SOURCE DATA:
=== Section Start ===

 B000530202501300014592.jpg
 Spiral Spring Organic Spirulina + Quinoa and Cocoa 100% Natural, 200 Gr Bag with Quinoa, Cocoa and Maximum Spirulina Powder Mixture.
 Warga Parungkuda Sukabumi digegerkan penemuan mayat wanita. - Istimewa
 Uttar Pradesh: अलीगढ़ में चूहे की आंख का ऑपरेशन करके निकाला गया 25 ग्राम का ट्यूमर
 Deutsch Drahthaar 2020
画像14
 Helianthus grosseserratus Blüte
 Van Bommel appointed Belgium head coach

=== Section End ===
=== Section Start ===

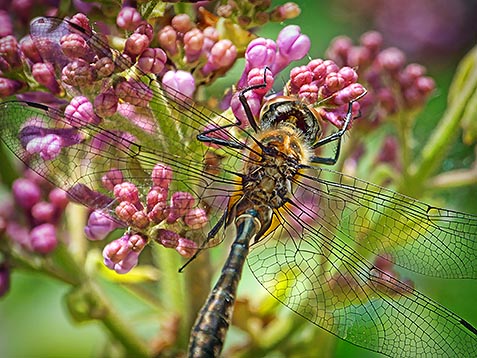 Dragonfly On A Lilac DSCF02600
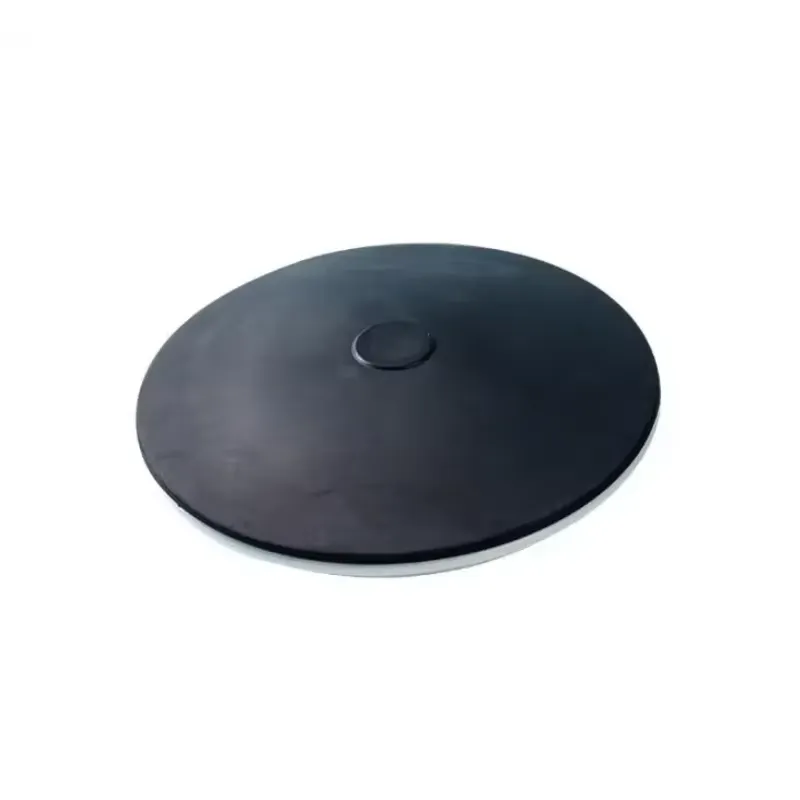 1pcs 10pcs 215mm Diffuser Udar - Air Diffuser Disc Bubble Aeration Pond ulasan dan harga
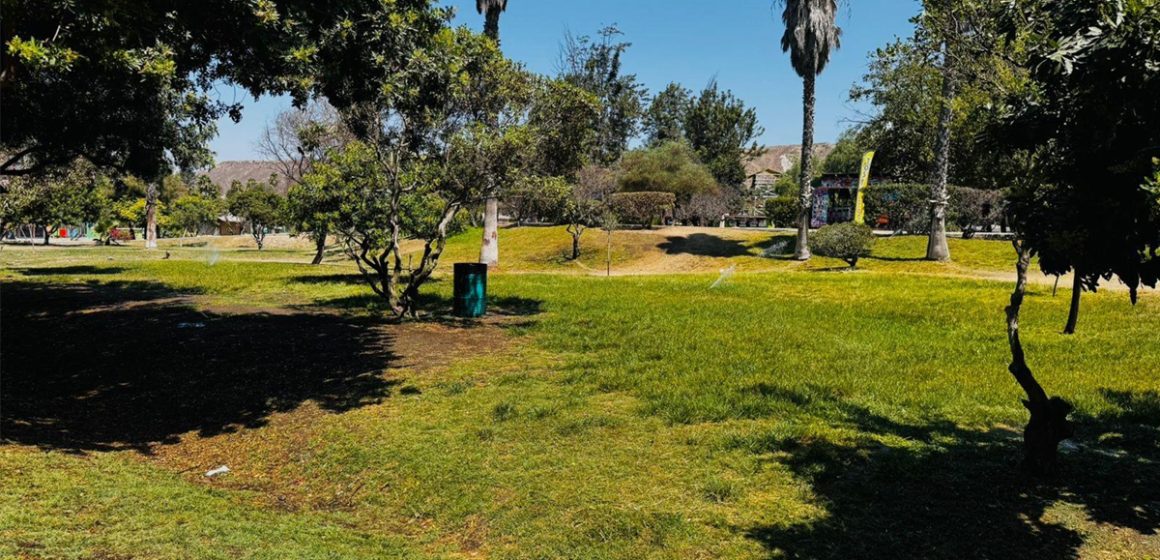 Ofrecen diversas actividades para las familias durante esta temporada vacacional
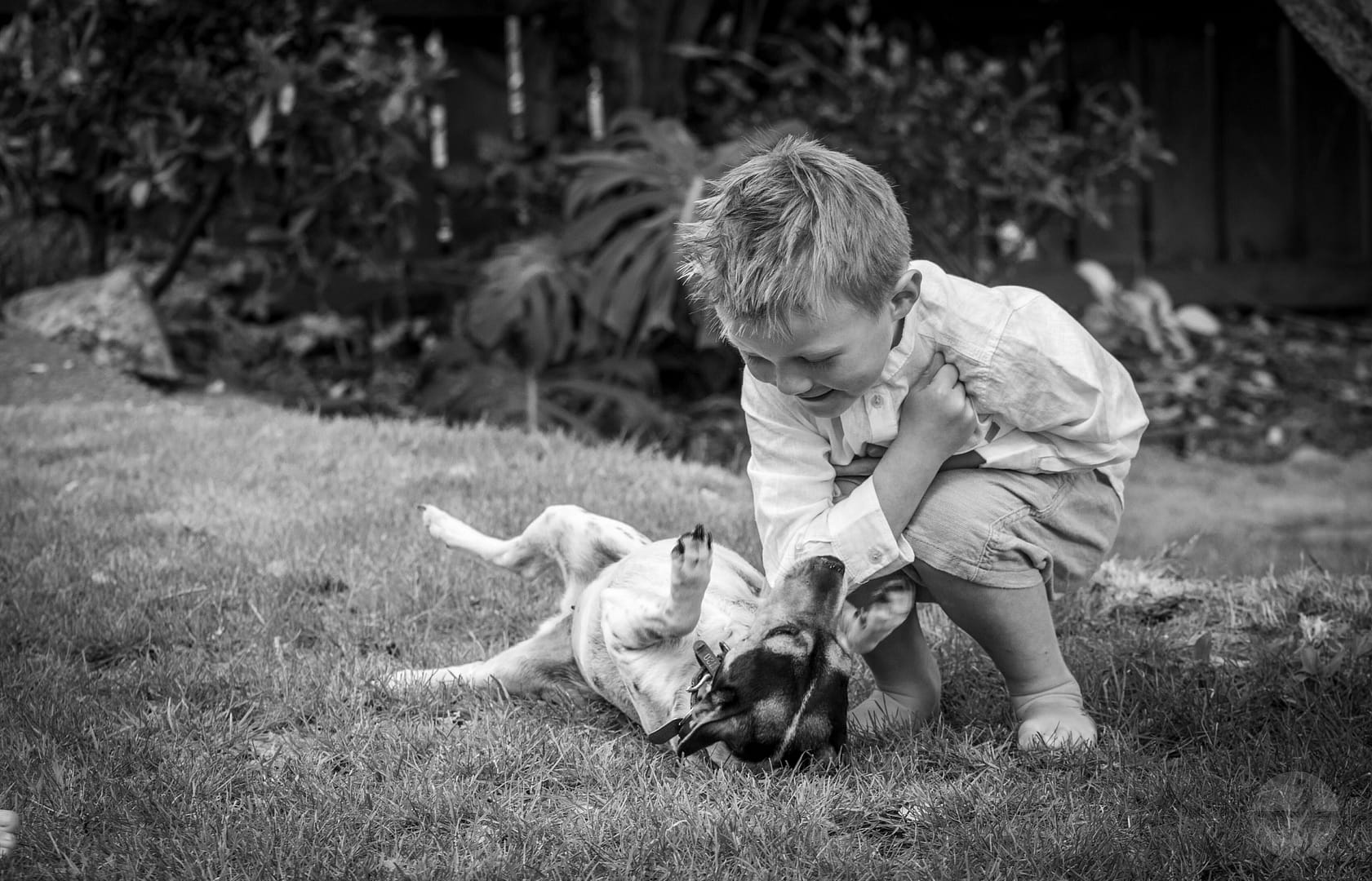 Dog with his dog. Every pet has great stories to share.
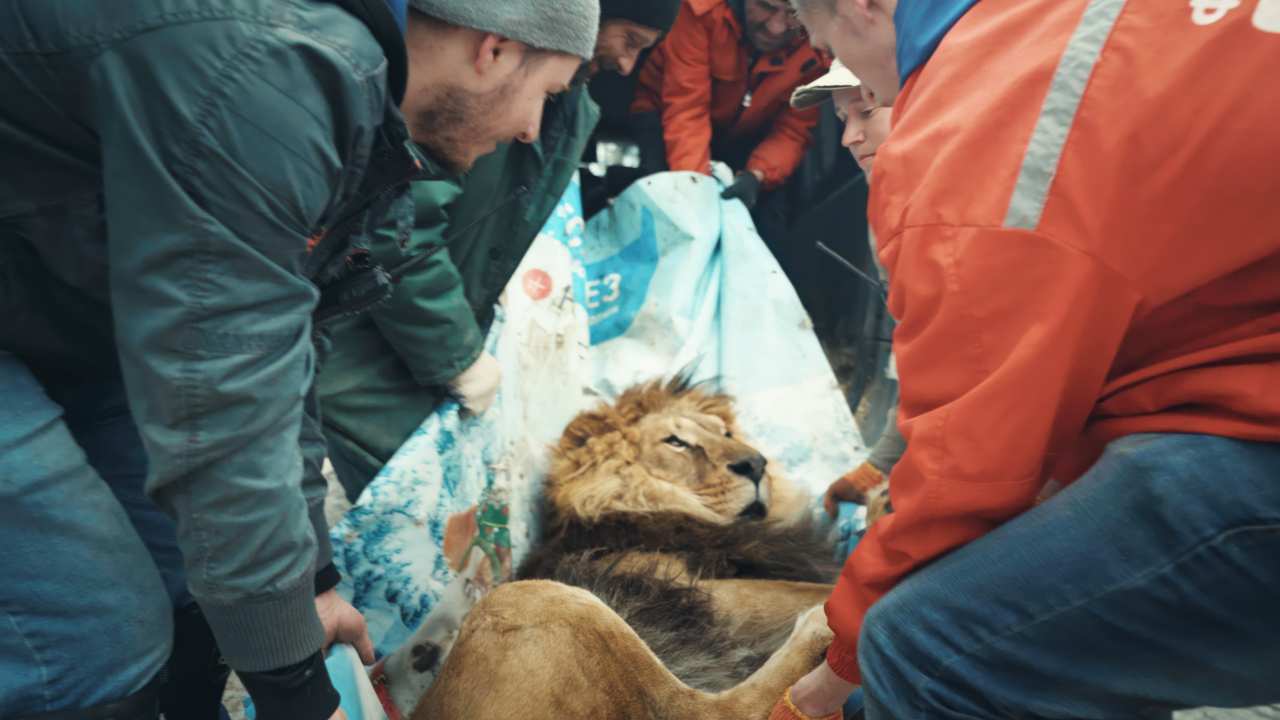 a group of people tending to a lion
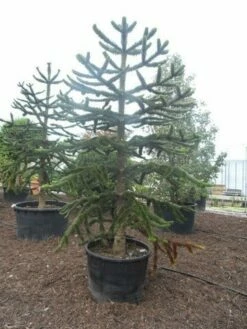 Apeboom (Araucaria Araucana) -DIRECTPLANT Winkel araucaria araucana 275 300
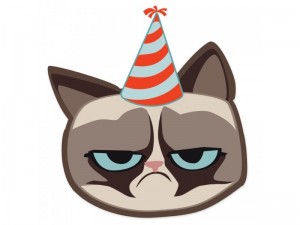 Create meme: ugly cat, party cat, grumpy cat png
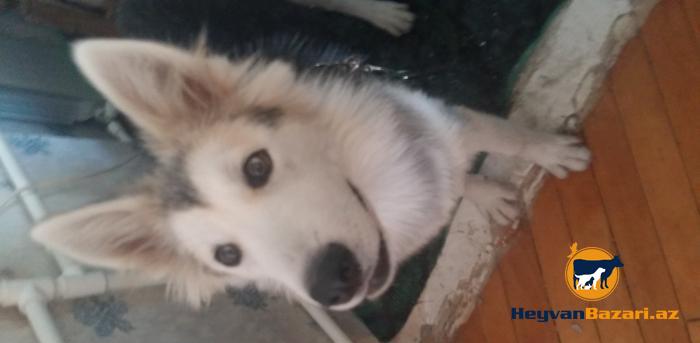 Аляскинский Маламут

=== Section End ===
=== Section Start ===

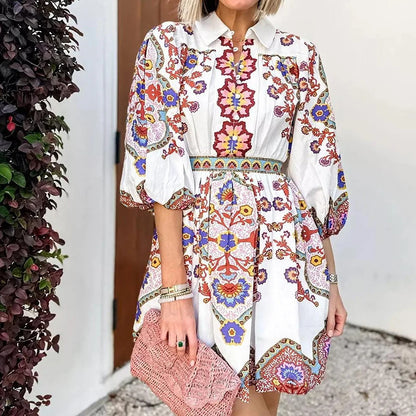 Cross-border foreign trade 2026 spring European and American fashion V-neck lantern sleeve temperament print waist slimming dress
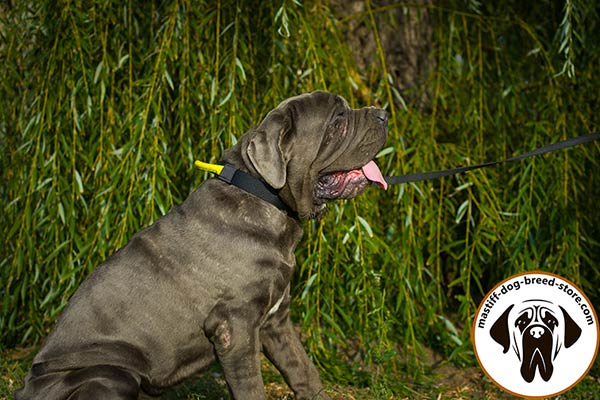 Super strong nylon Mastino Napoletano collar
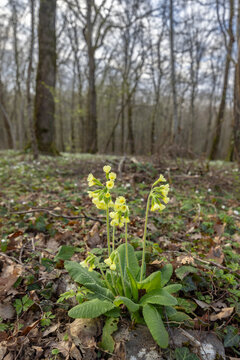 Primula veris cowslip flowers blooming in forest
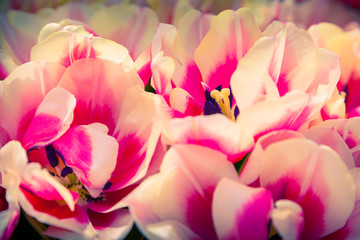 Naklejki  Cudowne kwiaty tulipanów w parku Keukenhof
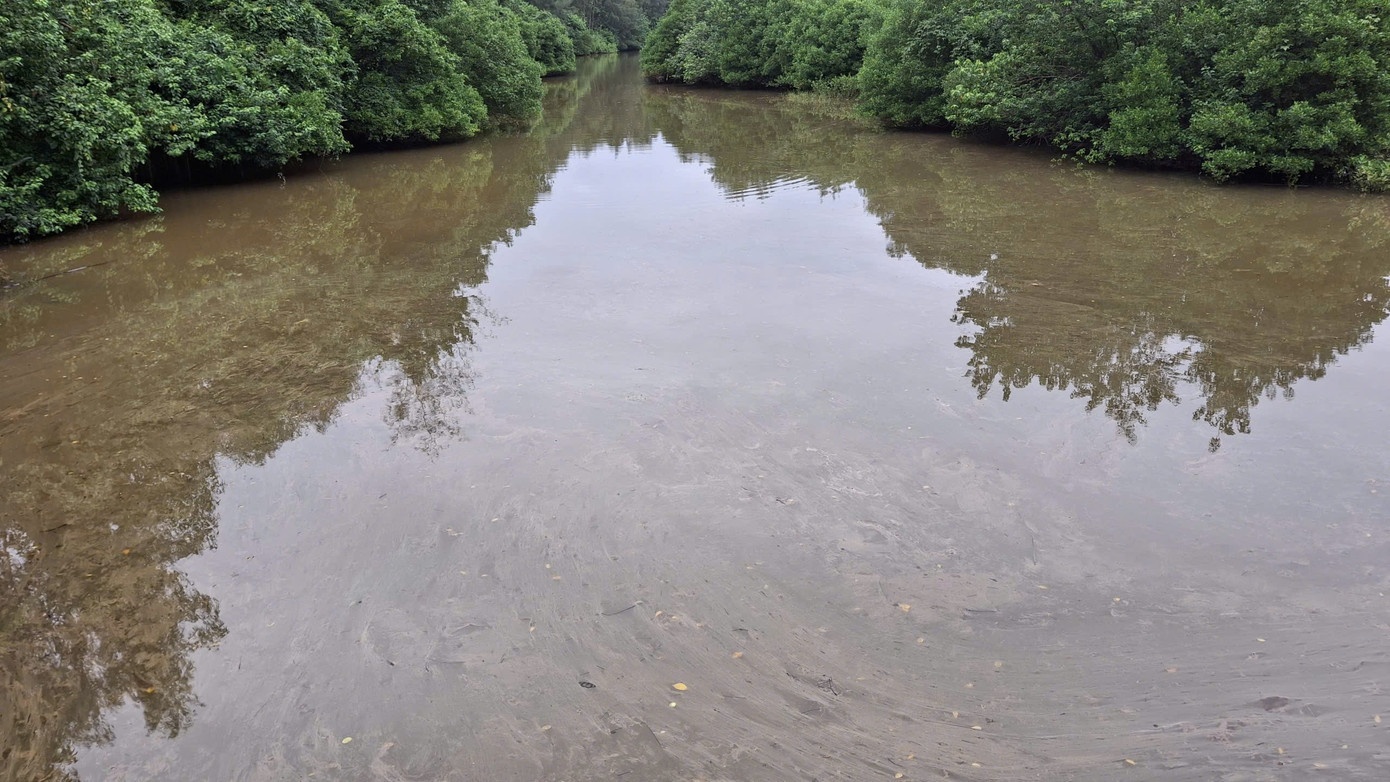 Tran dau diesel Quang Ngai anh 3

=== Section End ===

Once the line with "a group of people tending to a lion" is found in the data above, reproduce it and each line after it exactly, through the line with "Аляскинский Маламут". Omit the pictures.

 a group of people tending to a lion
 Apeboom (Araucaria Araucana) -DIRECTPLANT Winkel araucaria araucana 275 300
 Create meme: ugly cat, party cat, grumpy cat png
 Аляскинский Маламут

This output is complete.